The proposed object structure to support this functionality is based
on 5 parts:

ID:
	Identification of the URA object, including a URA name, type and 
	abstract, creator name, resources required by the URA, etc.

WHAT:
	Specification of the data elements required to carry out the URA
	activity.  For example, in the case of an Internet search for
	"people", this could include specification of fields for person 
	name, organization, e-mail address, etc.

WHERE:
	Specification of the URL/URN's to be accessed to carry out the
	activity.  Note that, until URN's are in common use, the ability
	to tweak URL's will be necessary.  A key issue for URA's is the
	ability to transport them and activate them far from the creator's
	originating site.  This may have implications in terms of 
	accessibility of resource sites.  For example, a software search 
	created in Canada will likely access a Canadian Archie server, and 
	North American ftp sites.  However,  an invoker in Australia should 
	not be obliged to edit the URA object in order to render it 
	relevant in Australia.  The creator, then, can use this section to 
	specify the expected type of service, with variables for the parts 
	that can be modified in context (e.g., the host name for an Archie 
	server, or a mirror ftp site).

	At the very least, an invoker may wish to evaluate what URL/URN's
	are to be instantiated as part of the decision process for launching
	a URL.

HOW:
	If URA's were strictly data objects, specifying required data and
	URL/URN's would suffice to capture the essence of the composite
	net interaction.  However,  the variability of Internet resource
	accesses and the scope of what URA's could accomplish in the net
	environment seem to suggest the need to give the creator some 
	means of organizing the instantiation of the component URL/URN's.
	Thus, the body of the URA should contain a scripting mechanism
	that minimally allows conditional instantiation of individual
	URL/URN's.  These conditions could be based on which (content)
	data elements the user provided, or accessibility of one URL/URN,
	etc.  It also provides a mechanism for suggesting scheduling of
	URL/URN instantiation.


WHAT-THEN:
	Once the URL/URN's have been instantiated, there will need for 
	some post-processing in order to provide URA results in the
	format required by the URA type.  For example, a URA built to
	deal with list-server mailing list subscriptions might belong to
	a class of net-services URA's that return simple success/failure
	messages.

	The needs of post-processing are likely to be many and varied. The
	current proposal is to let creators specify a full-fledged scripting
	language (e.g., Perl) to give them the maximum flexibility in 
	creating tools to extract necessary information from the results
	of URL instantiations.


A sample URA description based on this architecture is presented in the
second appendix of this document.

All URA types will conform to the same  basic object structure.  The
primary difference will be in result types.  This is nonetheless an 
important distinction from the standpoint of allowing URA-invoking programs 
to prepare for expected return values (e.g., HTML, or ASCII streams, etc).
It does not fall within the boundaries of the responsibility of the URAgency
to normalize these results -- it is the creator of the individual URA
that is expected to know what format of information individual URL/URN's  
will return, and thus create the mechanisms for transforming those results 
into something appropriate for the URA type.

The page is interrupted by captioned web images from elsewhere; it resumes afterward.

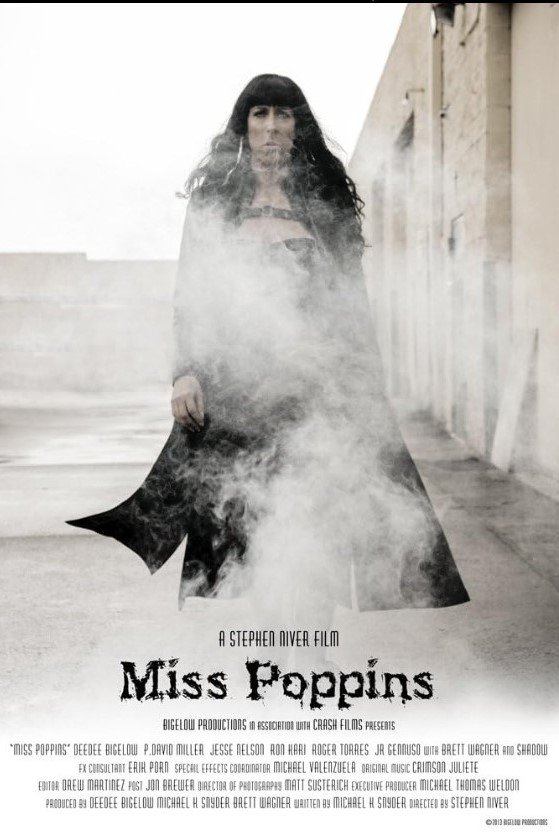 Poster de Miss Poppins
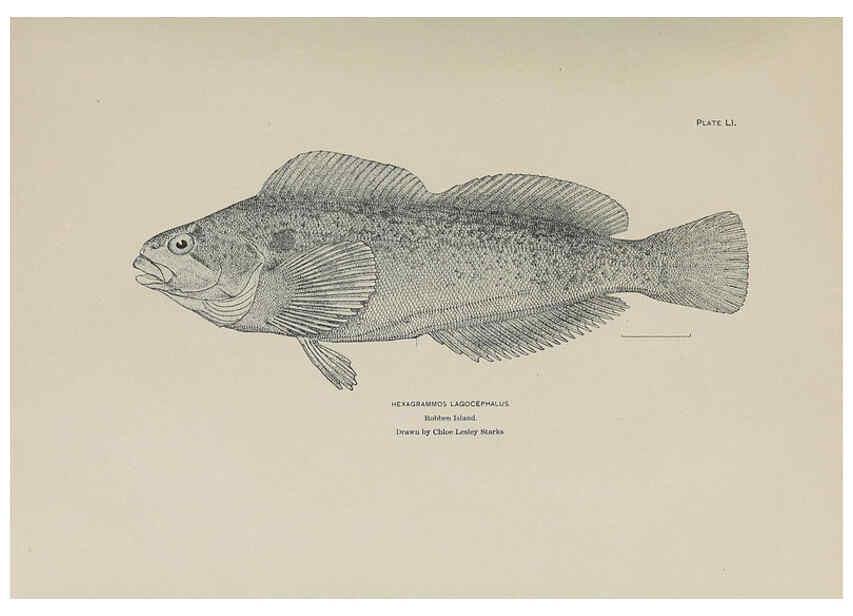 Reproducción/Reproduction 6305642789: The fur seals and fur-seal islands of the North Pacific Ocean. v.3. Washington,Govt. Print. Off.,1898-99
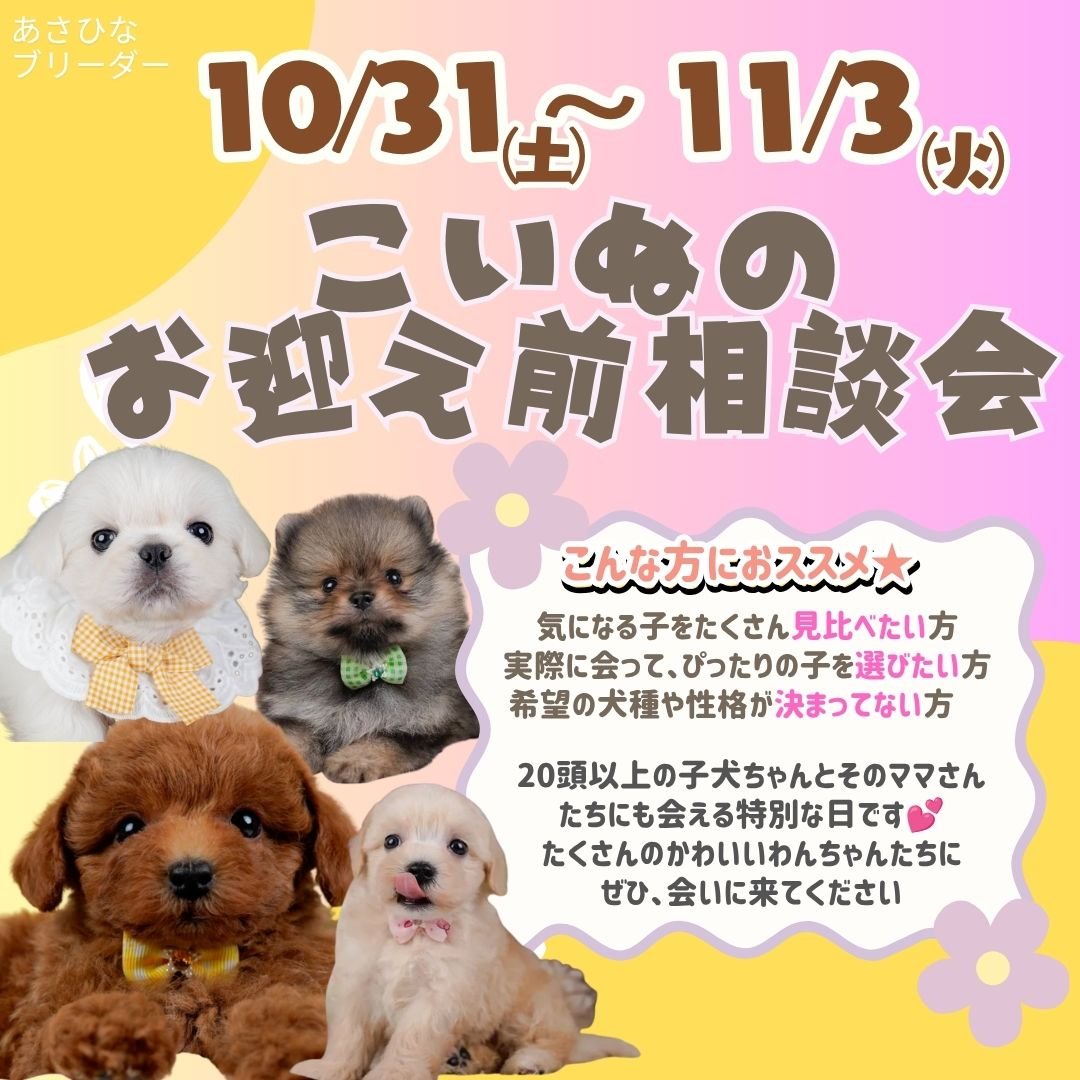 🍂10/31〜11/3(土〜火)開催🐾「本当に飼えるかな」その不安、一緒に整理しましょう🐶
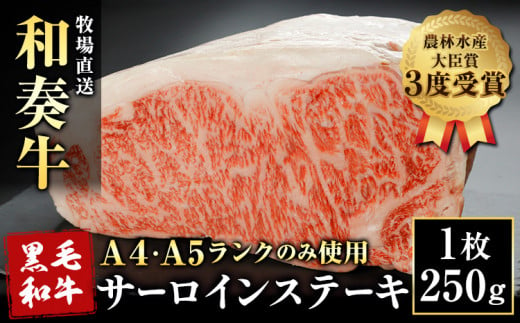 A5 A4 ランク 厳選 くまもと黒毛和牛 サーロインステーキ 1枚(約250g)《30日以内に出荷予定(土日祝除く)》 熊本県 大津町 和牛焼肉LIEBE サーロイン ステーキ 冷蔵 リーベ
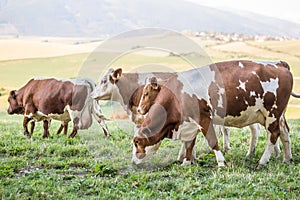 Herd cows on a meadows pasture or farmland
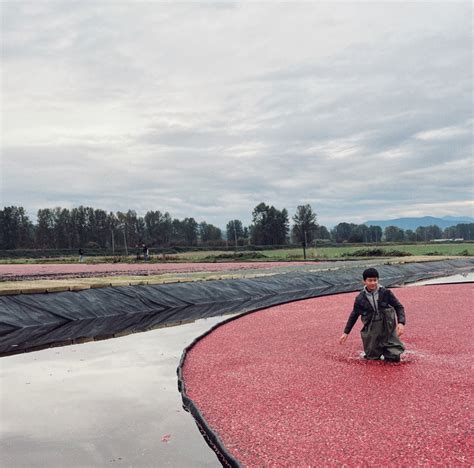 cranberry farms near Seattle you can visit - An Emerald City Life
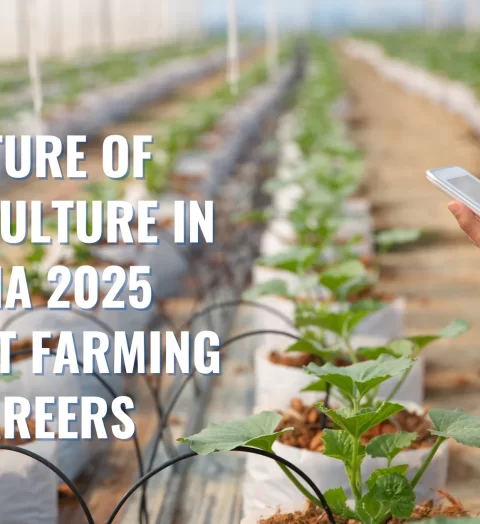 Future of Agriculture in India 2025 Smart Farming Careers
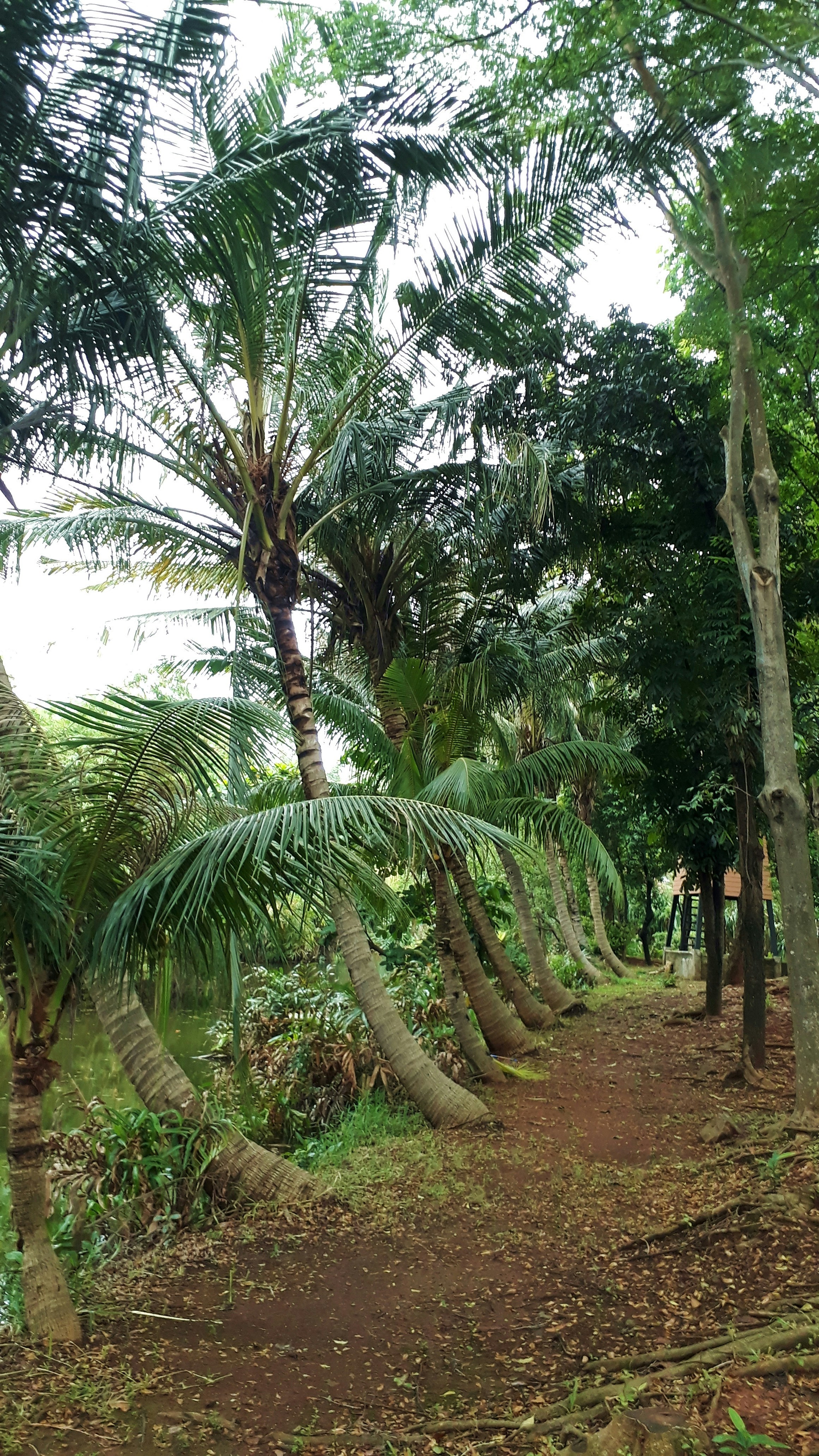 Photo by milaoktasafitri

A URAgency may nonetheless perform some post-processing on the data returned 
by the URA.  Once the results have been filtered and prepared in a URA type
format, the URAgency may fold them into a format required by whatever 
software it is geared towards -- HTML page, MIME document, ascii, or a format 
selected by the user.

Also, the URAgency may provide a means for users/controlling programs to
enquire after the status of the URA instantiation -- curtailing the search,
requesting interim results, etc.


----------------------------------------
Transmission of URA's
----------------------------------------


In all the envisioned usages of URA's, the ability to share URA objects
(through publishing, e-mail, or other transmission mechanisms) figures
prominently.  This brings up issues about _what_ should be transmittable.
Is the user limited to passing the URA itself? Or can they send an instance
(a URA with some data filled in already)?  How will the recipient distinguish
between the URA and an instance (if an instance is just another URA).

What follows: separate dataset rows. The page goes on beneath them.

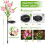 Wattne Solar Garden Lights Lily Design 2 pcs 5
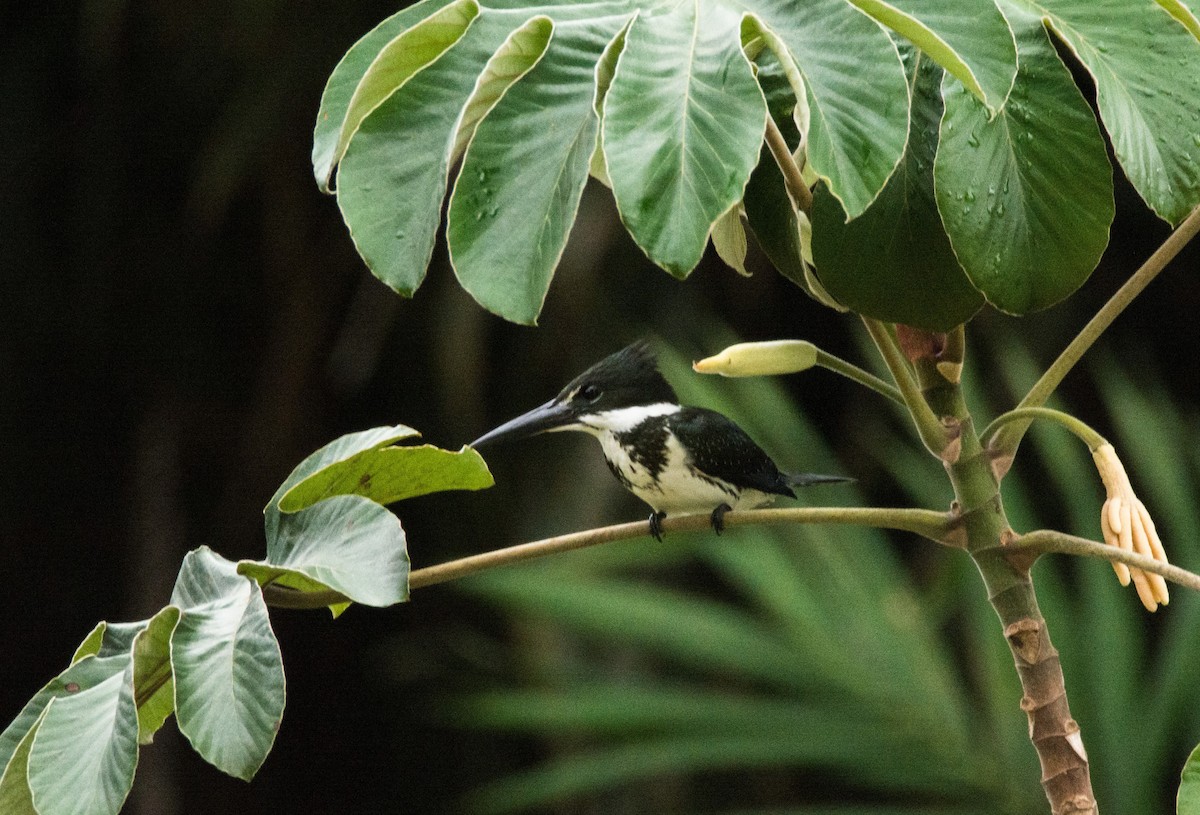 Amazon Kingfisher - ML620622034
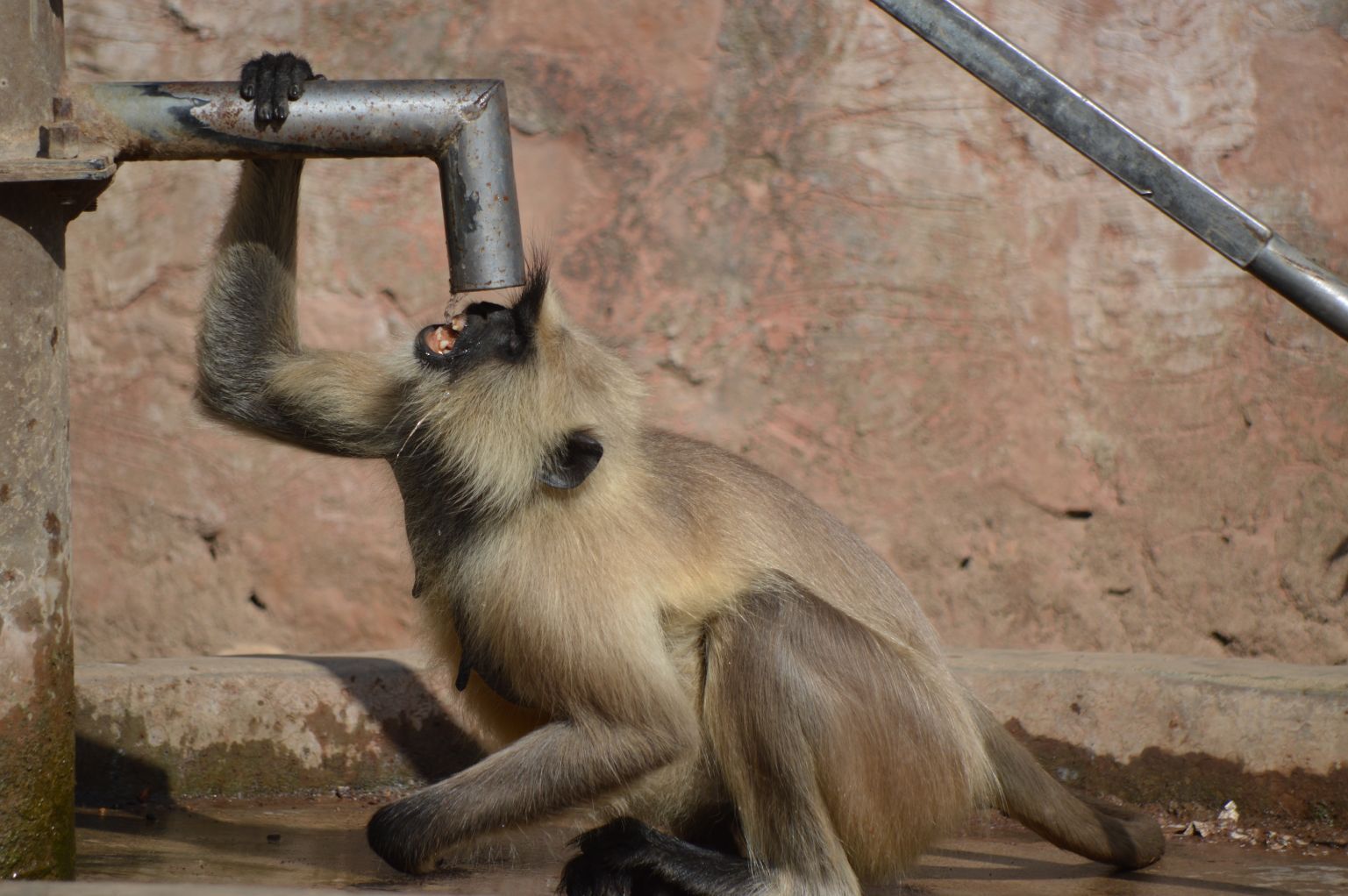 Langur pumped the water and drank from the tap!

This suggests the notion of _encapsulated_ URA's.  The object that gets
transmitted is something that contains a URA object specification as
well as instance information (optional) and results from activating the
URA (optional).  A probably implementation mechanism for this would be a
multipart MIME document.


        Encapsulated URA:

        +------------------------+
        | URA Spec: Includes     |
        |     the 5 std parts:   |
        |     URA ID             |
        |     WHAT               |
        |     WHERE              |
        |     HOW                |
        |     WHAT-THEN          |
        +------------------------+
        +------------------------+
        | URA Instance info      |
        | (Values the user has   |
        | already specified)     |
        |                        |
        +------------------------+
        +------------------------+
        | Results                |
        |                        |
        |                        |
        |                        |
        +------------------------+


Users might not want to always send all of this -- where "[]" means optional,
valid sub-parts to send would be as follows:

        [URA Spec [instance info]] [results]

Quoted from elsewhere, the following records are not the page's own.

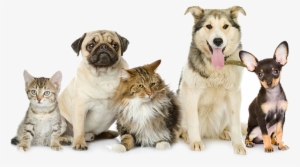 Pet Waste Removal - Animals In A Group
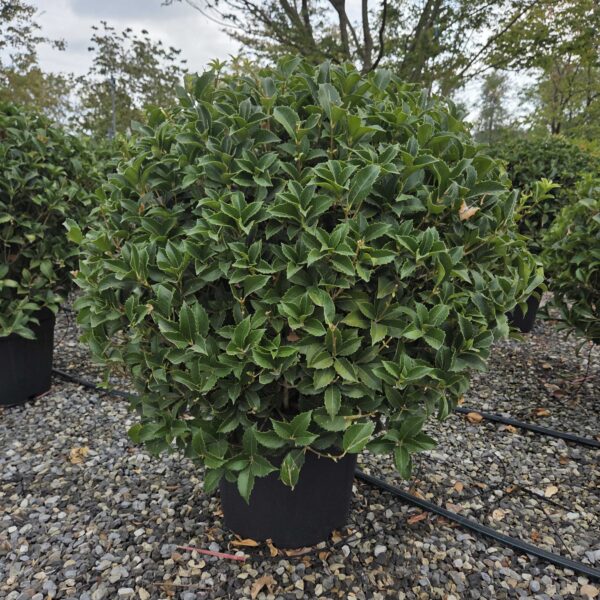 Osmanthus × FORTUNEI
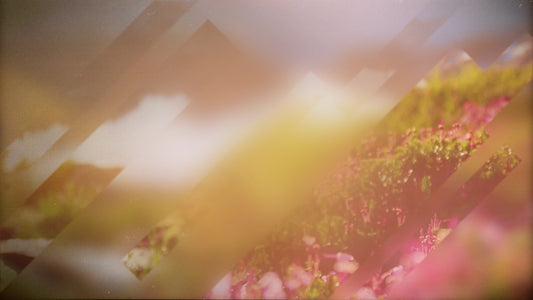 Spring Journey 12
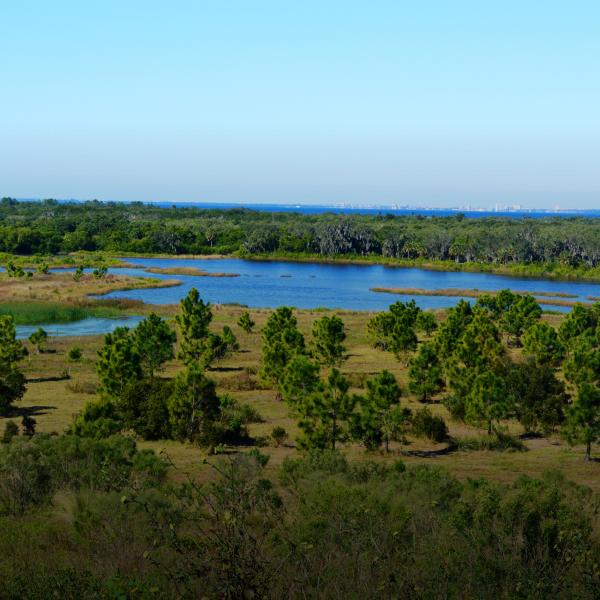 Overview of the Rock Ponds Ecosystem Restoration Project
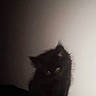 Baghera participe au concours pour gagner de l'argent avec cette photo : alone, animal, black_cat, curious, cute, dark, eyes, feline, fur, indoor, kitten, low_light, mammal, pet, portrait, shadow, sitting, small, whiskers, young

Thus, one could send just results, or just URA Spec, but not instance 
information without the URA.




----------------------------------------
Above, Beyond, and Over the Top
----------------------------------------

Most of the discussion above implicitly assumes that a human user will
provide URA activation data ("what", and optionally "where").  However,
there is nothing in the model that precludes the writing of programs that
will interact with a URAgency to select URA's and provide the necessary 
data for activation.  This widens the scope of possible applications of URA's
considerably (and even suggests the possibility of recursive activation of
URA's).    As more applications necessarily assume access to the Internet
for functioning, URA activation may happen from functions buried deep within
the program code -- an application might make use of a URA to get periodic
updates of documentation, etc.

In an earlier section, it was pointed out that the URA architecture was
designed to address a particular net-activity-specification model, and not
to encompass all conceptions of net-based agents.  Nonetheless, the 
underlying goal in designing the proposed architecture was to leave enough 
flexibility that _any_ task conforming to the "what-where-how" model could 
be supported by a URA type.  Thus, user models, information filtering 
preferences, etc, could be incorporated into URA usage.    For example, 
context-sensitive or natural-language-based search front-ends could convert 
user requests into formats accepted by a set of base URA's, etc.

Thus, the basic premise of the proposed URA scheme is that capturing the 
basics of composite net-activities leaves open the possibility of using 
URA's as the building blocks of more sophisticated systems.



----------------------------------------
Appendix -- Using URA's Today
----------------------------------------

In a project supported by the Canadian Government's CANARIE TD2 program,
Bunyip Information Systems has developed a prototype application based on
these URA principles (a beta version is due to become available in April, 
1995).

This particular application is a desktop client to give Internet users the
ability to select searches in terms of what they are looking for, not what
protocols they need to use.  By putting searches on the desktops of people
that have a vested interest in the information returned,  new possibilities
search customization and creation are opened up.  These searches still make
use of existing Internet resources (indexes, etc), but management of the
search occurs local to the user's work environment (as opposed to, say,
on a particular WWW search server).  This also means that the behaviour of
the search does not change unless the user has re-configured the search.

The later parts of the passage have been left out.